The following step was to exploit the great adaptability of the advances developed in the animal MRI scanner to the human MRI scanner; to do so, I have adapted the framework to a human scanner, and acquired MRI of healthy volunteers, demonstrating that the same analysis which was validated in rats can also be performed in humans. This part of the project was realized in the Cardiff University Brain Imaging Centre in the UK, as a part of the first secondment.
The last phase of the project involved dissemination of the results. As a matter of facts, non-invasive diagnosis by advanced MRI has progressed a lot in recent years; however, the transfer of the new methodologies to the clinic remains difficult, and the clinical diagnosis in the daily practice of radiology services is still carried out with very basic means. Therefore, I have worked with the Barcelona-based startup QMENTA to make the analysis platform available in the cloud in a streamlined and easily accessible fashion, with the final aim of transferring the innovative MRI framework to clinical settings, so that it can have a real impact on the diagnosis and daily medical practice. This collaboration was possible thanks to the secondment in Barcelona.

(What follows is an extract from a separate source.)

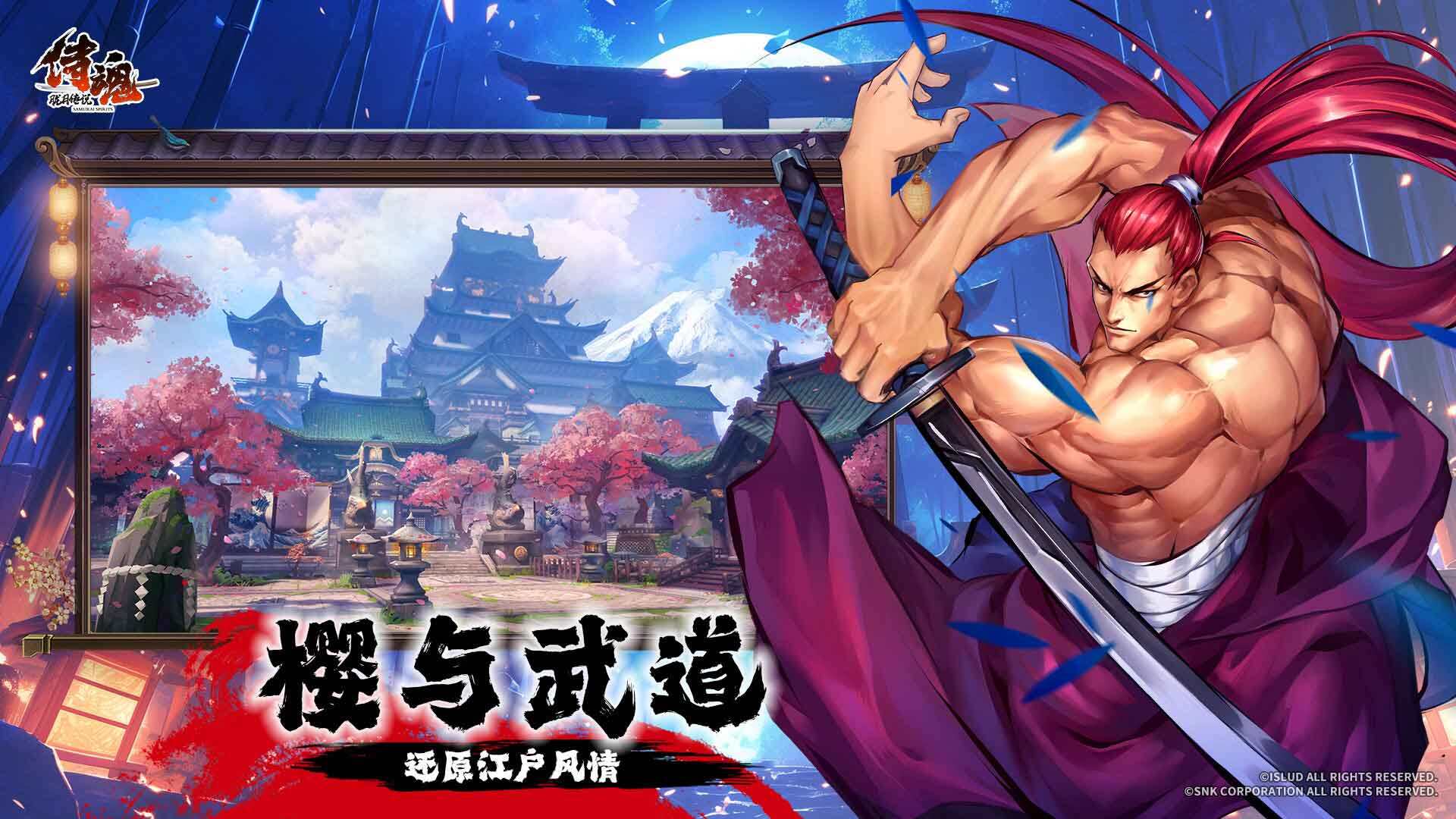 侍魂—胧月传说-免费版 宣传图6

To disseminate the results of the project to the lay public, I have also participated to other important initiatives: MRI-STRUCTURE was chosen by the European Research Council to be presented at the 2019 Science is wonderful! Event during the European research and innovation days in Brussels, with more than 5000 people attending. In addition, during the Spanish 2020 Brain Awareness Week, I have collaborated with the plastic artist Iñaqui Ortega Vidal to exhibit a sculpture inspired by microglia cells, one of the cellular compartments that can be seen and studied thanks to the results obtained by MRI-STRUCTURE.

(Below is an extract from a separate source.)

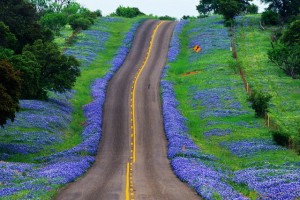 bluebonnet-highway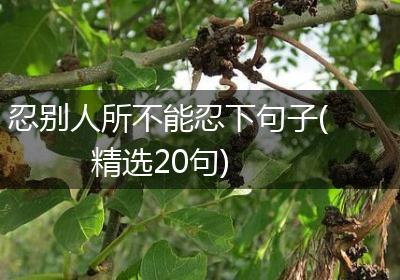 忍别人所不能忍下句子(精选20句)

"Current diagnostic tools for looking inside brain can tell us that there is a damage, but often they are not capable of telling us exactly which compartment is damaged. One cellular compartment which is receiving special attention in the last few years is the glial compartment, the collection of cells involved in the brain’s immune reaction to stimuli or inflammation. In fact, neuroinflammation has become a hot topic in brain research, due to its involvement in several neurodegenerative and psychiatric disorders: to cite only a few, Alzheimer’s and Parkinson’s diseases, multiple sclerosis, stroke, schizophrenia, addiction. If neuroinflammation is closely related to all these pathologies, by targeting the immune cells of the brain in the proper way, it could be possible to slow down the disease progression. Therefore, an instrument to look non-invasively at the status of the inflammatory system in the brain is expected to have a tremendous impact on how brain diseases are diagnosed and treated, with a huge benefit for our society. All in all, the results obtained in the context of this project meet the targets of the European Horizon 2020 programme (specifically: developing better diagnostics and more effective therapies to take care of the ageing population) and the United Nation Agenda 2030 signed by 193 countries worldwide (specifically: #3 Good health and well-being)."